There are also other bits of text that are highlighted, which can be added to the home in order to garner a better reaction out of the family when it finished and revealed. Maybe someone in the family likes to cook. Maybe they like sports or perhaps movies. Building amenities that cater to these will improve how much they like the home you have created for them.
What makes the game more enjoyable is that there is no currency that needs to be earned in order to decorate. You make use of a recharging energy resource called “Volunteers” in order to build everything. The bigger and fancier the item, the more volunteers it takes to create. Unfortunately, this is a pretty significant double edged sword. While this means you, technically, have infinite money, it runs dry extraordinarily quickly and will take multiple game sessions just to finish one house. What makes this so detrimental is that you really don’t get a full sense as to whether or not you like the game or not in that first, critical play through. This is mitigated slightly by the ability to ask friends for more.
To start building a new home, you have to first demolish the old home and select a house style and floor plan.
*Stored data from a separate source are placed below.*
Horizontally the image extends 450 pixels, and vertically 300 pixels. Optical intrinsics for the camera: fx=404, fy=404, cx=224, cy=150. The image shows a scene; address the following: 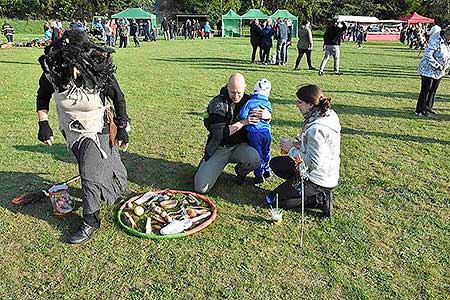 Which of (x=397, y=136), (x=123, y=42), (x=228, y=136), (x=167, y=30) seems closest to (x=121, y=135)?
(x=228, y=136)

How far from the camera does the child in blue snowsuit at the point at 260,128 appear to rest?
4477 mm

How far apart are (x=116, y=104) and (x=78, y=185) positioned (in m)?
1.33

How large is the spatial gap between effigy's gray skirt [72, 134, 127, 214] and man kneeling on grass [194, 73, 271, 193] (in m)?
1.04

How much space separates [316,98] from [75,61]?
212cm

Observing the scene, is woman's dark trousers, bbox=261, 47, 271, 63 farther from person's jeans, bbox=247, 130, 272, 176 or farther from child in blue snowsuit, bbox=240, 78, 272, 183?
person's jeans, bbox=247, 130, 272, 176

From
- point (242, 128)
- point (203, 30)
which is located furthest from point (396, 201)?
point (203, 30)

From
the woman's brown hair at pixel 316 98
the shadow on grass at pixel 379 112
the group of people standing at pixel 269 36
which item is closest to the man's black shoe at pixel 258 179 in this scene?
the woman's brown hair at pixel 316 98

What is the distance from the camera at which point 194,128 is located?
6.91 metres

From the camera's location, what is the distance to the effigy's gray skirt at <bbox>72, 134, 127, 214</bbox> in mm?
3564

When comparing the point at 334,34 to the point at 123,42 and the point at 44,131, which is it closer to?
the point at 44,131

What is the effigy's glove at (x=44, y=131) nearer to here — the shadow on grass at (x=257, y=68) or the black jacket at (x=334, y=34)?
the black jacket at (x=334, y=34)

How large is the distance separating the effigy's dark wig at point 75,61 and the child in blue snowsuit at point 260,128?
5.39ft

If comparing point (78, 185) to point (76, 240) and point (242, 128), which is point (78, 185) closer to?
point (76, 240)

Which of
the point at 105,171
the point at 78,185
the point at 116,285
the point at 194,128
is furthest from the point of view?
the point at 194,128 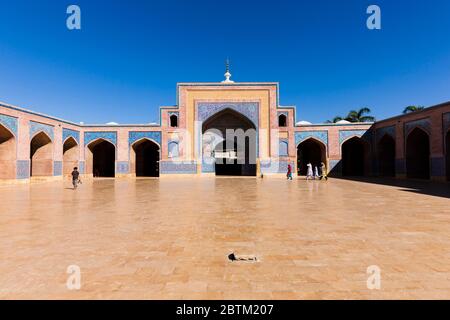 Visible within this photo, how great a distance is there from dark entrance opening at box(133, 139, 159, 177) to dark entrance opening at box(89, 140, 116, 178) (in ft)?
9.69

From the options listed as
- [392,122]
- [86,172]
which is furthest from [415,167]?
[86,172]

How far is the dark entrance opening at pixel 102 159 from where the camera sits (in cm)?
2202

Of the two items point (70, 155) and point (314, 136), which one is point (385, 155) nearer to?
point (314, 136)

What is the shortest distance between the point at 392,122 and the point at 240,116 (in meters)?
10.7

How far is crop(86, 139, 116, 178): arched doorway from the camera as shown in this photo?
20400mm

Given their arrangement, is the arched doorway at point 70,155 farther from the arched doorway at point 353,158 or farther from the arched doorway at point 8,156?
the arched doorway at point 353,158

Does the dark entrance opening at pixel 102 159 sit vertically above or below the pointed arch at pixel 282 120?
below

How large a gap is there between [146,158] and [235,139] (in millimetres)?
8703

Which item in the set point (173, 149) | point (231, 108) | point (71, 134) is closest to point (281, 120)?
point (231, 108)

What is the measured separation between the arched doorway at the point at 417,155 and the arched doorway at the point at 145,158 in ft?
60.9

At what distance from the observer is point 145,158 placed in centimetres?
2370

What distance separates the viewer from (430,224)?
4.31 m

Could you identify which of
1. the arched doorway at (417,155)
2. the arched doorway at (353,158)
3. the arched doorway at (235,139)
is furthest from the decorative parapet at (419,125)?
the arched doorway at (235,139)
This is done through simple clicks, but once both have been chosen, you have to move from room to room, via a blueprint mini-map, and decorate them piece by piece. As you go about doing so you can recheck on the family’s needs (that first blurb of text) at any time. Also, you want to try and complete the whole deal within a limited amount of time (the first house is about a day and a half).
During construction, you can also visit the fancy art tent, which consists of premium items that cost premium currency. In fact, these points can also be utilized to upgrade many of the amenities that you’ve already placed as well. What is a great social bonus too, is that while they are primarily purchased through Facebook credits, they can also be requested through friends.
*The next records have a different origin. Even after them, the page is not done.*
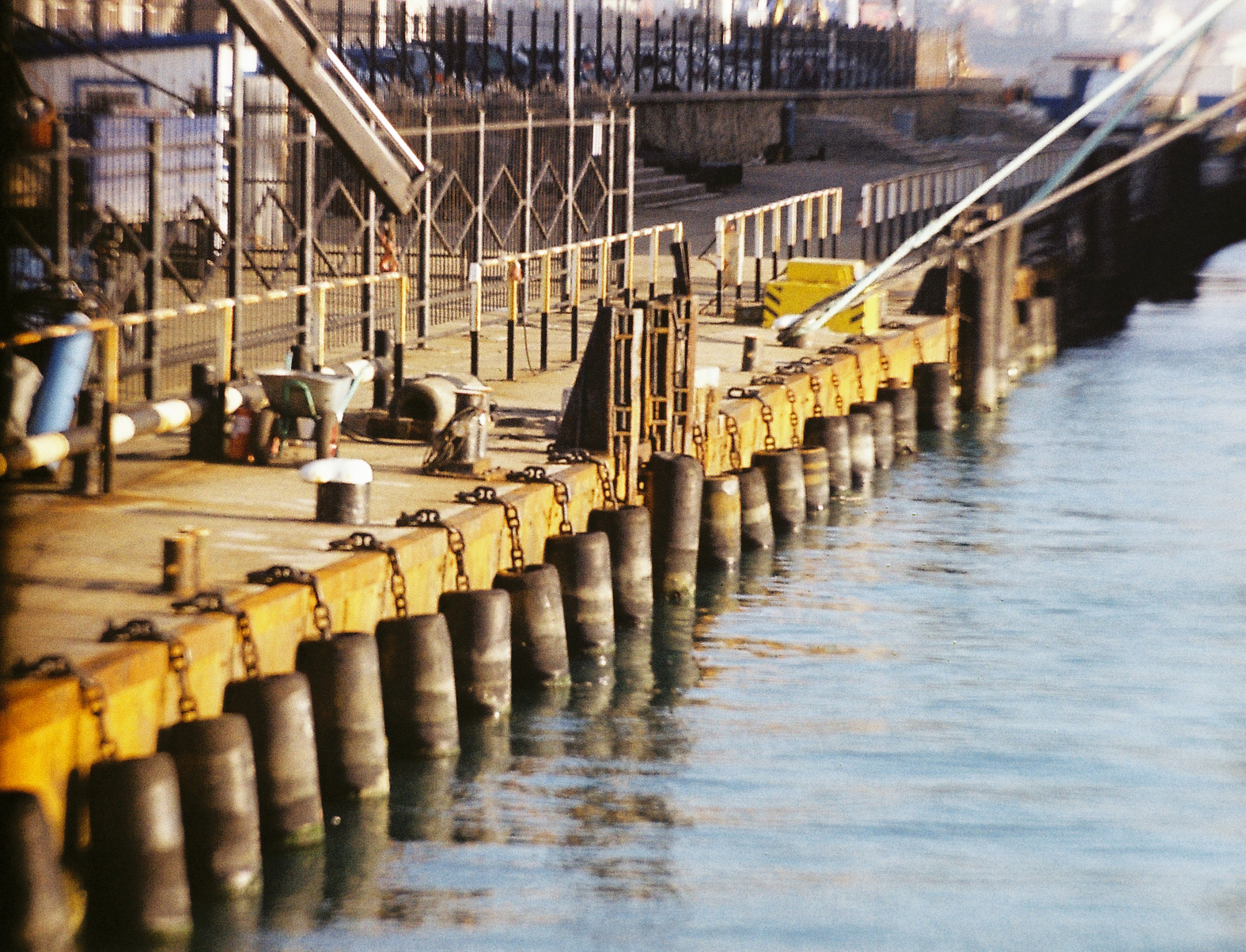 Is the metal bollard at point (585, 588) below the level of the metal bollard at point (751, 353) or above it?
below

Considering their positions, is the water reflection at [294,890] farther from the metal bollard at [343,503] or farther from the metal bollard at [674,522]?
the metal bollard at [674,522]

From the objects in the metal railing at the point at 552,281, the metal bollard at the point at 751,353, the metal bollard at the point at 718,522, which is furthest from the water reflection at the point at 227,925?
the metal bollard at the point at 751,353

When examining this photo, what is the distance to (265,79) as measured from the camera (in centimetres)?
3278

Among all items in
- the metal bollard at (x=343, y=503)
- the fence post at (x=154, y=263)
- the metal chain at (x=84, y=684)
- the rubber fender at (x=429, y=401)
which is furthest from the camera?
the rubber fender at (x=429, y=401)

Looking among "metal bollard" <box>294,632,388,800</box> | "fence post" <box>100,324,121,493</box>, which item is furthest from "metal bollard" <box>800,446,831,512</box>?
"metal bollard" <box>294,632,388,800</box>

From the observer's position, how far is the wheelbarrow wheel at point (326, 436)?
14.3 metres

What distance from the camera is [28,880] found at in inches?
311

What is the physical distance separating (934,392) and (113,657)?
1824 centimetres

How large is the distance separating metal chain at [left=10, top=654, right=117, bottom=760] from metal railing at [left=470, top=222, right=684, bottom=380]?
10.2m

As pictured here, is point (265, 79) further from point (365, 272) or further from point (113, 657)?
point (113, 657)

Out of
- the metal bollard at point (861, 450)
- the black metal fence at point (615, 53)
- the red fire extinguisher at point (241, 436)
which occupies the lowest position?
the metal bollard at point (861, 450)

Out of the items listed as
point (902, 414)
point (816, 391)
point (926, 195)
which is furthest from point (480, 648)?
point (926, 195)

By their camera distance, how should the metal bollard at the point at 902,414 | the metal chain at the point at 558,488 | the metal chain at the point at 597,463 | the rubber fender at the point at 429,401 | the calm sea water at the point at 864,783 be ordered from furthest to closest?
the metal bollard at the point at 902,414 < the rubber fender at the point at 429,401 < the metal chain at the point at 597,463 < the metal chain at the point at 558,488 < the calm sea water at the point at 864,783

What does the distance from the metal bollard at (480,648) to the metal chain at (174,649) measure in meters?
3.02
Other than the significantly slow pace of Extreme Makeover, the other qualm come in the form of the decoration itself. It works okay most of the time. The key word is “most.” On occasion, items become unselectable and cannot be moved until you leave a room and come back. Thankfully, this did not occur often.
Even with these problems, Extreme Makeover: Home Edition is a pretty original and well made game. It has a feel-good style to it, which is helped quite a bit by its heartwarming music. The only significant downside is you don’t get much out of that first session due to a very limited volunteer pool, and it can take several play sessions to finish even one house. Nevertheless, if you enjoy decorative elements in game, this is a title you will most certainly enjoy.
- Technically an infinite supply of currency to buy items with. The core of the game is all about decoration and creativity. It is possible to make better homes for families by recognizing clues in their description.
- Extraordinarily slow-paced, requiring multiple sessions to finish even one house. The occasional bug prevents the moving of placed decorum.